Mai was emotional telling her story to us. She said, “My dad died too young, and I miss him so much.” She felt she needed to tell me how grateful she was to the young American GIs who came from so far away to try to free her country. Her father never said a bad word when the U.S. finally gave up and went home. Mai said to me, “I know your countrymen treated you with disrespect when you went home. I am sorry your countrymen did not understand the war. I am sorry your countrymen did not understand why our nation wanted to be free like the United States. If you could speak Vietnamese and ask most people in Da Nang today, they would thank you for trying.”

After the war, Mai said she decided to stay in Vietnam to care for her aging grandmother. Her mother and brothers and sisters escaped the Communists in the famous Vietnamese boat migration. They immigrated to America, and she proudly said, “My family owns some 7-Eleven stores in your country.”

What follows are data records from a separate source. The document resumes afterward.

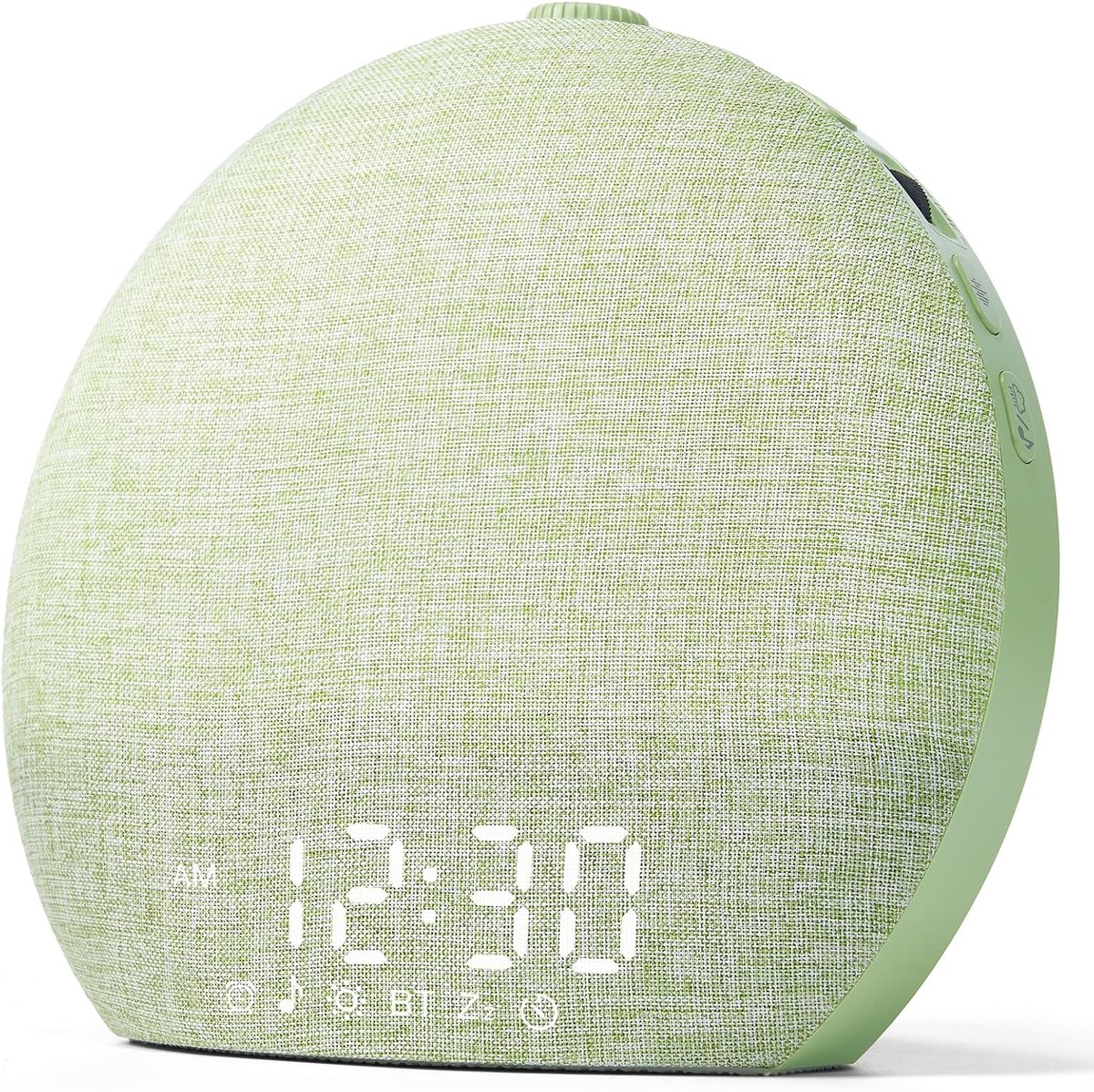 SnelShoppen - Sunrise Wekker Digitale Wekkers aan Bed met Witte Ruis, 30 Slaapgeluiden, Slaaptimer, Instelbaar Volume, Helderheid, Schermvrij Ontwerp,
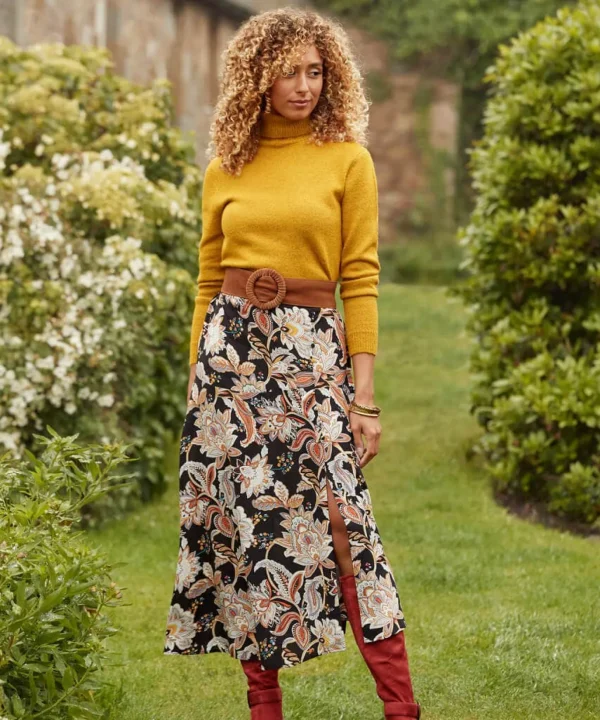 Cardigans & Coatigans | Sale Knitwear & Jumpers | Top Picks | Women's Joe Browns Relaxing Roll Neck Jumper Ochre
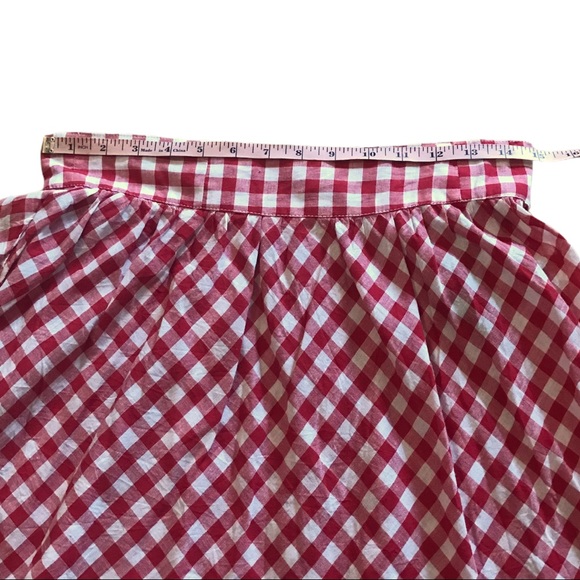Forever 21 Red Gingham Skater Skirt | Medium - Picture 8 of 9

“You must tell your friends that under the Communists, we have done well for these past 10 years. We can now save money, buy a motorcycle, [and] go to the movies, and we have the Internet, so we are more content now.” I could not fathom the degree of misery she and her countrymen endured both during the 15-year war and the Communist takeover for the next 40 years. For me, it was a 12-month commitment and back to the comfort and luxury of living free. Mai was so brave in telling her story. She could have gotten in trouble for sharing this information with us, and the bus driver reminded her a couple of times to tone her rhetoric down. Mai was relieved to be able to share this story of her family struggles. She even said, “When you visit Saigon next week, you say, ‘Saigon,’ even though the communists changed the name to Ho Chi Minh City.”

Mai’s story was touching. And it became the healing chapter my wife had hoped for.

As we parted, my wife asked Mai if she believed in divine intervention. She replied, “I don’t know what those words mean.” Nancy explained, “I believe that you were sent to tell your story to my husband. Your kind words have lifted our spirits and made this trip a highlight of our lives.”

I finally realized that my service and that of all two and a half million American servicemen and servicewomen of the ’60s and ’70s was not in vain and that we were appreciated by the people of Vietnam, who wanted to live free, even if our own country failed to help them achieve it.